● Exercise brief
From the first line to the last, write out the material verbatim.

● Source data
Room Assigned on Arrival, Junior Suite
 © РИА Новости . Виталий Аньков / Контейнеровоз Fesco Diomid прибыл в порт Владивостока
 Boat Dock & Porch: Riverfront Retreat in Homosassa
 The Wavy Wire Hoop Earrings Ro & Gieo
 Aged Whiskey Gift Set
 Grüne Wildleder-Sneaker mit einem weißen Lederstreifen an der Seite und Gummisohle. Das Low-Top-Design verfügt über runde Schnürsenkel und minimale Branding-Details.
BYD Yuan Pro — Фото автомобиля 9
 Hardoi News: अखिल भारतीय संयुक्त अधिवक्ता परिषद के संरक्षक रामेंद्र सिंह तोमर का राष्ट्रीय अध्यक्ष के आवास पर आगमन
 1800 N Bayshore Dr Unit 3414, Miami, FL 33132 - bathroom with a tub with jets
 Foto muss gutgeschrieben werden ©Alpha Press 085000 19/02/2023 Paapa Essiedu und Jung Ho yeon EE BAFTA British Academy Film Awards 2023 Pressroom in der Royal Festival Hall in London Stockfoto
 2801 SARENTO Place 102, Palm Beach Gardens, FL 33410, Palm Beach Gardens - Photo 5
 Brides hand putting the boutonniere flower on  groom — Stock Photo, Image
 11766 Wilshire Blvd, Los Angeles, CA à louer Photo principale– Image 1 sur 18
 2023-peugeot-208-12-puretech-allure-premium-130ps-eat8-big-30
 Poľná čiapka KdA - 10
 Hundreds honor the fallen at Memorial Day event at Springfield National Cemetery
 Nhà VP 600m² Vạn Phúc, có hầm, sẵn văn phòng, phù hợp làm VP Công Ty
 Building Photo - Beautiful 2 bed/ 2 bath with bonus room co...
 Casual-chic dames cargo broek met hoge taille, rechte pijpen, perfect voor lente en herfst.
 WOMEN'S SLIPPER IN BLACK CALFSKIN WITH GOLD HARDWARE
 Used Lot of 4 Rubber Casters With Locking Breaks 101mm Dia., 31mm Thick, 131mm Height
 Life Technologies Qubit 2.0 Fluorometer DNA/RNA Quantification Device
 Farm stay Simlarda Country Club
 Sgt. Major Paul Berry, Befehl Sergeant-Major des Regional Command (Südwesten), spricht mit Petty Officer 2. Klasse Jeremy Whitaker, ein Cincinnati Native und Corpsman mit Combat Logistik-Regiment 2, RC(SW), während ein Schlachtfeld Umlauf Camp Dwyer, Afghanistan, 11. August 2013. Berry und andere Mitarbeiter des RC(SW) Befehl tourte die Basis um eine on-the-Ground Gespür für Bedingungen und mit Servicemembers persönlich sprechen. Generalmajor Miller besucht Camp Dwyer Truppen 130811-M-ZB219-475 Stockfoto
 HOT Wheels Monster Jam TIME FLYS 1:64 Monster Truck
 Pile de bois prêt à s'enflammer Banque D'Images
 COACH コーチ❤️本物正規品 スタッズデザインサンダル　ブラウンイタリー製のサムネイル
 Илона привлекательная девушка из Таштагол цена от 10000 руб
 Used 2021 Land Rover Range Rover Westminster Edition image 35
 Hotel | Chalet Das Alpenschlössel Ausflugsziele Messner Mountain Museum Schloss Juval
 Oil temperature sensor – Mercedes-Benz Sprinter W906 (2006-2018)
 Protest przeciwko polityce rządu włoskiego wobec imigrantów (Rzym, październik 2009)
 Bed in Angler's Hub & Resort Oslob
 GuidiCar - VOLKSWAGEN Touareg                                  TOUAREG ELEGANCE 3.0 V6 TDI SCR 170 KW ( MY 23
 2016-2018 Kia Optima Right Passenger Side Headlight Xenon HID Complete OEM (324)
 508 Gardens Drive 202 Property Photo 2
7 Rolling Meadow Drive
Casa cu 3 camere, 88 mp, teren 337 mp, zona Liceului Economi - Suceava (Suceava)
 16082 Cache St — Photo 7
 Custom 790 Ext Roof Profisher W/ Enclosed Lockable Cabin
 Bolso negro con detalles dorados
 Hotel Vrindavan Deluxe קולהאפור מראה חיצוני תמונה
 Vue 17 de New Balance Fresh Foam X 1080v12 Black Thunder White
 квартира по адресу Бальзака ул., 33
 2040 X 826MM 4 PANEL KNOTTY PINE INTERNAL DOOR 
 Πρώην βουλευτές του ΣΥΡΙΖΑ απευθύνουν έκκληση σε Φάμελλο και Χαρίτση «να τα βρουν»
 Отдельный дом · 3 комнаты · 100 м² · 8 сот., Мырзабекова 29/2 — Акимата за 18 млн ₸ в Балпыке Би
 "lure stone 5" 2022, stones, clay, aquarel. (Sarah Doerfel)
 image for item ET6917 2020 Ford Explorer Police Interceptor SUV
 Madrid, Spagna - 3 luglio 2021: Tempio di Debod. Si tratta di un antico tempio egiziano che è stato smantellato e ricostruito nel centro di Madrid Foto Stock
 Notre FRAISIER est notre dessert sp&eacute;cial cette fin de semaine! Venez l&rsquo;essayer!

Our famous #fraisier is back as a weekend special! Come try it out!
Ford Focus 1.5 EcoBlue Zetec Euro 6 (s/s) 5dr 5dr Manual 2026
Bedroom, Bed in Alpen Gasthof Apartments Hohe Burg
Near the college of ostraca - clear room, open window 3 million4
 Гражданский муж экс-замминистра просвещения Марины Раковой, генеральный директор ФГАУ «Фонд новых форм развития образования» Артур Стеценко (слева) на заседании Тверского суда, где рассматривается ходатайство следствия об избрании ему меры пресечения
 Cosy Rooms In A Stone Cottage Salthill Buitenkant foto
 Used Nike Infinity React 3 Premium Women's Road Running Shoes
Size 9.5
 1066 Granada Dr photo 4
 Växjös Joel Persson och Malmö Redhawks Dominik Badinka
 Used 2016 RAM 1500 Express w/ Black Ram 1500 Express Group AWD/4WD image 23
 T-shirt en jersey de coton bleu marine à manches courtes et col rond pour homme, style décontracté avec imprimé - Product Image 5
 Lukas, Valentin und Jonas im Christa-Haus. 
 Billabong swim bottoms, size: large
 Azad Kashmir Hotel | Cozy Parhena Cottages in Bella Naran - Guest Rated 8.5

● Result below
Room Assigned on Arrival, Junior Suite
 © РИА Новости . Виталий Аньков / Контейнеровоз Fesco Diomid прибыл в порт Владивостока
 Boat Dock & Porch: Riverfront Retreat in Homosassa
 The Wavy Wire Hoop Earrings Ro & Gieo
 Aged Whiskey Gift Set
 Grüne Wildleder-Sneaker mit einem weißen Lederstreifen an der Seite und Gummisohle. Das Low-Top-Design verfügt über runde Schnürsenkel und minimale Branding-Details.
BYD Yuan Pro — Фото автомобиля 9
 Hardoi News: अखिल भारतीय संयुक्त अधिवक्ता परिषद के संरक्षक रामेंद्र सिंह तोमर का राष्ट्रीय अध्यक्ष के आवास पर आगमन
 1800 N Bayshore Dr Unit 3414, Miami, FL 33132 - bathroom with a tub with jets
 Foto muss gutgeschrieben werden ©Alpha Press 085000 19/02/2023 Paapa Essiedu und Jung Ho yeon EE BAFTA British Academy Film Awards 2023 Pressroom in der Royal Festival Hall in London Stockfoto
 2801 SARENTO Place 102, Palm Beach Gardens, FL 33410, Palm Beach Gardens - Photo 5
 Brides hand putting the boutonniere flower on  groom — Stock Photo, Image
 11766 Wilshire Blvd, Los Angeles, CA à louer Photo principale– Image 1 sur 18
 2023-peugeot-208-12-puretech-allure-premium-130ps-eat8-big-30
 Poľná čiapka KdA - 10
 Hundreds honor the fallen at Memorial Day event at Springfield National Cemetery
 Nhà VP 600m² Vạn Phúc, có hầm, sẵn văn phòng, phù hợp làm VP Công Ty
 Building Photo - Beautiful 2 bed/ 2 bath with bonus room co...
 Casual-chic dames cargo broek met hoge taille, rechte pijpen, perfect voor lente en herfst.
 WOMEN'S SLIPPER IN BLACK CALFSKIN WITH GOLD HARDWARE
 Used Lot of 4 Rubber Casters With Locking Breaks 101mm Dia., 31mm Thick, 131mm Height
 Life Technologies Qubit 2.0 Fluorometer DNA/RNA Quantification Device
 Farm stay Simlarda Country Club
 Sgt. Major Paul Berry, Befehl Sergeant-Major des Regional Command (Südwesten), spricht mit Petty Officer 2. Klasse Jeremy Whitaker, ein Cincinnati Native und Corpsman mit Combat Logistik-Regiment 2, RC(SW), während ein Schlachtfeld Umlauf Camp Dwyer, Afghanistan, 11. August 2013. Berry und andere Mitarbeiter des RC(SW) Befehl tourte die Basis um eine on-the-Ground Gespür für Bedingungen und mit Servicemembers persönlich sprechen. Generalmajor Miller besucht Camp Dwyer Truppen 130811-M-ZB219-475 Stockfoto
 HOT Wheels Monster Jam TIME FLYS 1:64 Monster Truck
 Pile de bois prêt à s'enflammer Banque D'Images
 COACH コーチ❤️本物正規品 スタッズデザインサンダル　ブラウンイタリー製のサムネイル
 Илона привлекательная девушка из Таштагол цена от 10000 руб
 Used 2021 Land Rover Range Rover Westminster Edition image 35
 Hotel | Chalet Das Alpenschlössel Ausflugsziele Messner Mountain Museum Schloss Juval
 Oil temperature sensor – Mercedes-Benz Sprinter W906 (2006-2018)
 Protest przeciwko polityce rządu włoskiego wobec imigrantów (Rzym, październik 2009)
 Bed in Angler's Hub & Resort Oslob
 GuidiCar - VOLKSWAGEN Touareg                                  TOUAREG ELEGANCE 3.0 V6 TDI SCR 170 KW ( MY 23
 2016-2018 Kia Optima Right Passenger Side Headlight Xenon HID Complete OEM (324)
 508 Gardens Drive 202 Property Photo 2
7 Rolling Meadow Drive
Casa cu 3 camere, 88 mp, teren 337 mp, zona Liceului Economi - Suceava (Suceava)
 16082 Cache St — Photo 7
 Custom 790 Ext Roof Profisher W/ Enclosed Lockable Cabin
 Bolso negro con detalles dorados
 Hotel Vrindavan Deluxe קולהאפור מראה חיצוני תמונה
 Vue 17 de New Balance Fresh Foam X 1080v12 Black Thunder White
 квартира по адресу Бальзака ул., 33
 2040 X 826MM 4 PANEL KNOTTY PINE INTERNAL DOOR 
 Πρώην βουλευτές του ΣΥΡΙΖΑ απευθύνουν έκκληση σε Φάμελλο και Χαρίτση «να τα βρουν»
 Отдельный дом · 3 комнаты · 100 м² · 8 сот., Мырзабекова 29/2 — Акимата за 18 млн ₸ в Балпыке Би
 "lure stone 5" 2022, stones, clay, aquarel. (Sarah Doerfel)
 image for item ET6917 2020 Ford Explorer Police Interceptor SUV
 Madrid, Spagna - 3 luglio 2021: Tempio di Debod. Si tratta di un antico tempio egiziano che è stato smantellato e ricostruito nel centro di Madrid Foto Stock
 Notre FRAISIER est notre dessert sp&eacute;cial cette fin de semaine! Venez l&rsquo;essayer!

Our famous #fraisier is back as a weekend special! Come try it out!
Ford Focus 1.5 EcoBlue Zetec Euro 6 (s/s) 5dr 5dr Manual 2026
Bedroom, Bed in Alpen Gasthof Apartments Hohe Burg
Near the college of ostraca - clear room, open window 3 million4
 Гражданский муж экс-замминистра просвещения Марины Раковой, генеральный директор ФГАУ «Фонд новых форм развития образования» Артур Стеценко (слева) на заседании Тверского суда, где рассматривается ходатайство следствия об избрании ему меры пресечения
 Cosy Rooms In A Stone Cottage Salthill Buitenkant foto
 Used Nike Infinity React 3 Premium Women's Road Running Shoes
Size 9.5
 1066 Granada Dr photo 4
 Växjös Joel Persson och Malmö Redhawks Dominik Badinka
 Used 2016 RAM 1500 Express w/ Black Ram 1500 Express Group AWD/4WD image 23
 T-shirt en jersey de coton bleu marine à manches courtes et col rond pour homme, style décontracté avec imprimé - Product Image 5
 Lukas, Valentin und Jonas im Christa-Haus. 
 Billabong swim bottoms, size: large
 Azad Kashmir Hotel | Cozy Parhena Cottages in Bella Naran - Guest Rated 8.5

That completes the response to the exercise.